Лангара двинула плечами.
—Если у тебя сердце будут рвать руками, ты будешь смеяться?
—Кто-то сделал ему больно?
—Начальник... Три года назад Омахта пришел экспедиция. Илья с женой у них ходил каюром. Всё лето хорошо ходил. Потом начальник брал у него жену. Илья думал, он совсем взял, уступил, сам остался с двумя детишками, даже не стал сердиться, думал, так надо. Доброе сердце тогда было у Ильи. Но начальник обманул. После работ увёз её далеко устье Учура, сам до своей баба ушёл, а эвенку бросил. Говорили, даже денег не дал ей обратно вернуться или продукты купить. Какой плохой люди!
—А где же она теперь? —
Жена не вернулась на стойбище; может, стыдно было, что поверила лючи, бросила детей. Илья ходил на устье Учура, спрашивал у людей, но никто не знал, куда она делась. Там он всю зиму ходил по тайге, искал её след, но не нашел. Одна, в чужой тайге, без чума, без пищи, пропала. Илья потом вернулся одичалым. На стойбище не живет. Он что-нибудь пакостил тебе? — неожиданно спросила она.

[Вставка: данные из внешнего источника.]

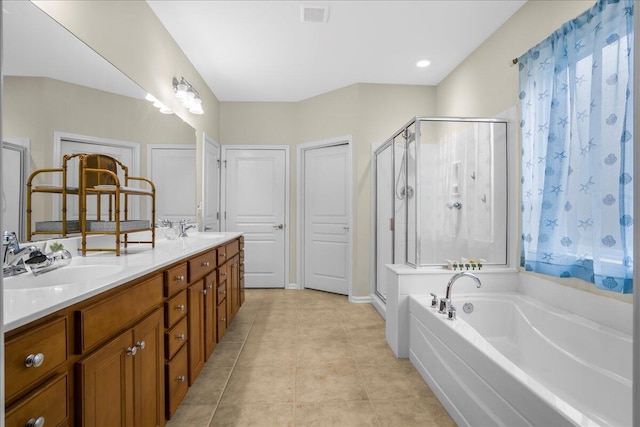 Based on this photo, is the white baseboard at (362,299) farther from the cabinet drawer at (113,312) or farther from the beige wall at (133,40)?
the cabinet drawer at (113,312)

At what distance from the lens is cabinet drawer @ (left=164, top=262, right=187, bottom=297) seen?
5.32 ft

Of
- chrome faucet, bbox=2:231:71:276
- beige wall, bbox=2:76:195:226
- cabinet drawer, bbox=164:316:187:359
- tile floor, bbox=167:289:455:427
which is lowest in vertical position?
tile floor, bbox=167:289:455:427

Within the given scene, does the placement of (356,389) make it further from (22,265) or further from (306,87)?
(306,87)

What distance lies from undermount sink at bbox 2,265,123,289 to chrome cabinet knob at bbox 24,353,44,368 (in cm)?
40

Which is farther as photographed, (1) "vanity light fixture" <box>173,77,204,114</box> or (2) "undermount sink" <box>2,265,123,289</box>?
(1) "vanity light fixture" <box>173,77,204,114</box>

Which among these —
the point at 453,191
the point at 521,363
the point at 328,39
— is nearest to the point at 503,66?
the point at 453,191

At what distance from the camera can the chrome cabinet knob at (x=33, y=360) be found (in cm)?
82

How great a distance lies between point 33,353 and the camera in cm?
85

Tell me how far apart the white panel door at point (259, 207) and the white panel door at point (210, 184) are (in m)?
0.16

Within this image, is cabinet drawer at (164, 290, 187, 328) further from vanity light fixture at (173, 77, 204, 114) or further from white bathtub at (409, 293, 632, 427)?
vanity light fixture at (173, 77, 204, 114)

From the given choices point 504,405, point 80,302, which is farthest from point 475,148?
point 80,302

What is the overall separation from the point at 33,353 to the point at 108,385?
0.37m

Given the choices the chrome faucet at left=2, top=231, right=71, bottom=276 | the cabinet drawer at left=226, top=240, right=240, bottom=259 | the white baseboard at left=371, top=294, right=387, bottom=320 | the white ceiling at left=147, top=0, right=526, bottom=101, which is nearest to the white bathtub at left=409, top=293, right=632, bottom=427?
the white baseboard at left=371, top=294, right=387, bottom=320

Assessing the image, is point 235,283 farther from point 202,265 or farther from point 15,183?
point 15,183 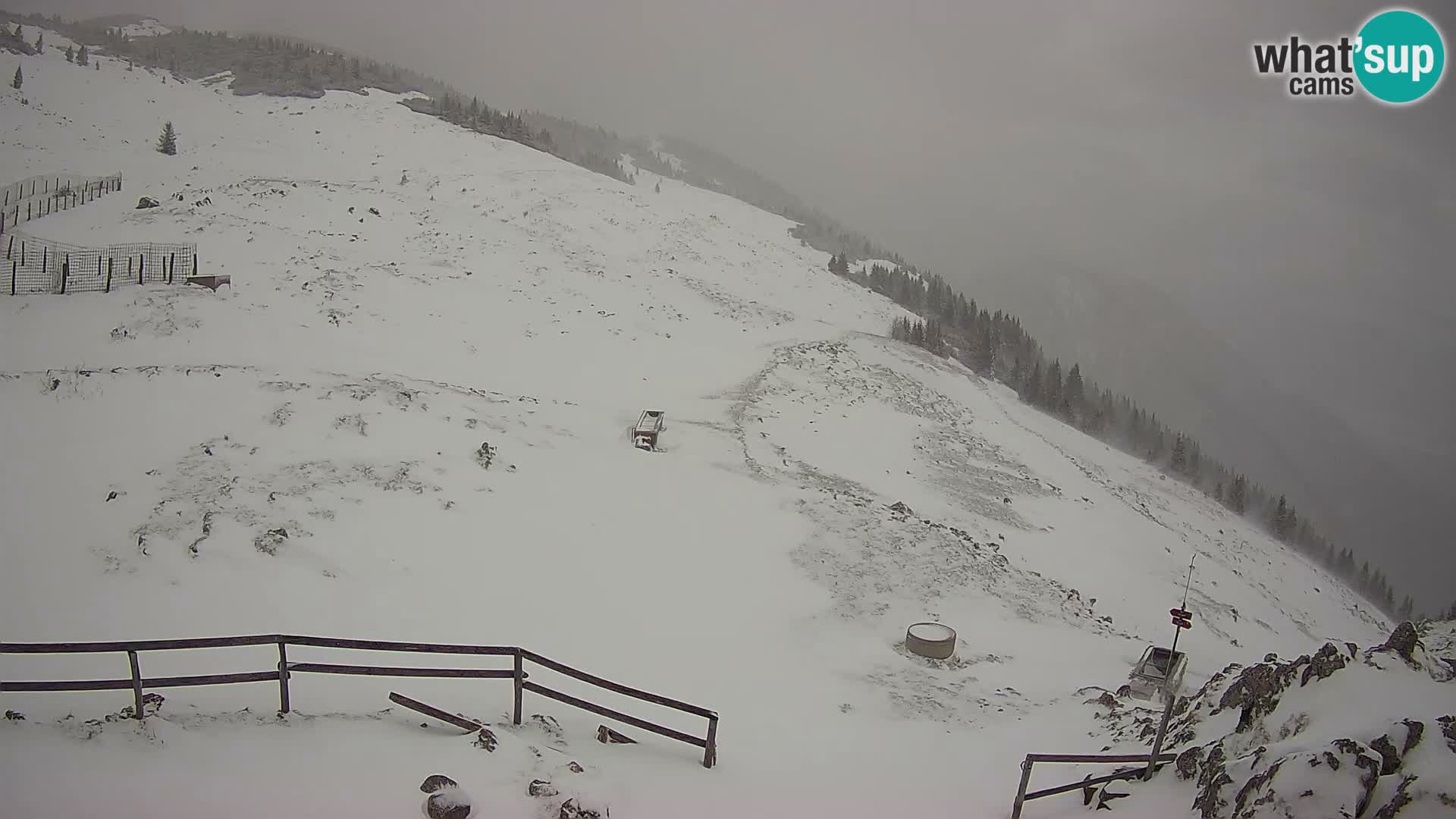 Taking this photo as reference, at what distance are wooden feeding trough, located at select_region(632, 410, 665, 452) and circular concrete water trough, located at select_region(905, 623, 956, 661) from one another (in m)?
11.8

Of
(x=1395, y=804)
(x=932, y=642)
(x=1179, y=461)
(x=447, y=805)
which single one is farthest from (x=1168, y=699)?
(x=1179, y=461)

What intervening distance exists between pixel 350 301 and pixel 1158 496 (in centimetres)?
4587

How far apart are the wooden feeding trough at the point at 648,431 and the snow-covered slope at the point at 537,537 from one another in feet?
2.40

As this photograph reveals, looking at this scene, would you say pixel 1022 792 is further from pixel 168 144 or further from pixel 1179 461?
pixel 1179 461

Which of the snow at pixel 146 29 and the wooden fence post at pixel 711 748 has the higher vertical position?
the snow at pixel 146 29

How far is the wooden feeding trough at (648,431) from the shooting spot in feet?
84.3

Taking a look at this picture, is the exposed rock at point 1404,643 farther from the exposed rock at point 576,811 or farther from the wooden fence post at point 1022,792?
the exposed rock at point 576,811

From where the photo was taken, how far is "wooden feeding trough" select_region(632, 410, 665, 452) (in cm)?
2569

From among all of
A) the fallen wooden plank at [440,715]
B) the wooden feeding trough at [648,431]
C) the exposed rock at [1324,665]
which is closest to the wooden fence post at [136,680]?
the fallen wooden plank at [440,715]

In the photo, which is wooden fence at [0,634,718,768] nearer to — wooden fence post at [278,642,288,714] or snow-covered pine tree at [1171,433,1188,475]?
wooden fence post at [278,642,288,714]

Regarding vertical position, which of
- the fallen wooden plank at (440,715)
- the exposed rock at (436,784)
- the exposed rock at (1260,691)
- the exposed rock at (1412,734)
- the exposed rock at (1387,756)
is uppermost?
the exposed rock at (1412,734)

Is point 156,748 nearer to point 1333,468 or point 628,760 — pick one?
point 628,760

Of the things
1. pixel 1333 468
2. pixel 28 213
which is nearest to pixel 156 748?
pixel 28 213

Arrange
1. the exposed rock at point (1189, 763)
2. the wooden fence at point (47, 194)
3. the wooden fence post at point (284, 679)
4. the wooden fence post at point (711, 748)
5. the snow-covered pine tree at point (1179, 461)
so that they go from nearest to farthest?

—Нет, Лангара, это я так спросил, к слову.
Так вот оно в чём дело! Надо же было какому-то подлецу вмешаться в жизнь этих двух людей, до наивности доверчивых и покорных, сделать доброе сердце Ильи злым и мстительным! Мне становится вдруг стыдно за себя и Павла, за нашу подозрительность и, может быть, несправедливое отношение к Илье. Мне хочется немедленно поговорить с ним, объяснить эвенку, что он не должен срывать обиду на людях, совсем не причастных к его несчастьям, и вернуться жить на стойбище.
Не знаю, с чего начать разговор с Ильей, но поговорить надо. Он настораживается и чуточку отодвигается от меня.
—Илья! — начинаю я решительно.— Мы с Павлом действительно заподозрили тебя в убийстве Елизара, в этом виновато твоё поведение... Извини нас. Ты не отворачивайся, а слушай. Сейчас Лангара рассказала мне про твое горе. Ну разве можно за одного подлеца мстить всем! И среди эвенков есть, наверное, плохие люди, так неужели в этом виноваты и другие? Не надо обижаться на всех.— И я дружески кладу свою руку ему на плечо.— Тебе, Илья, надо вернуться к детям, жениться и жить по-человечески:, как живут все.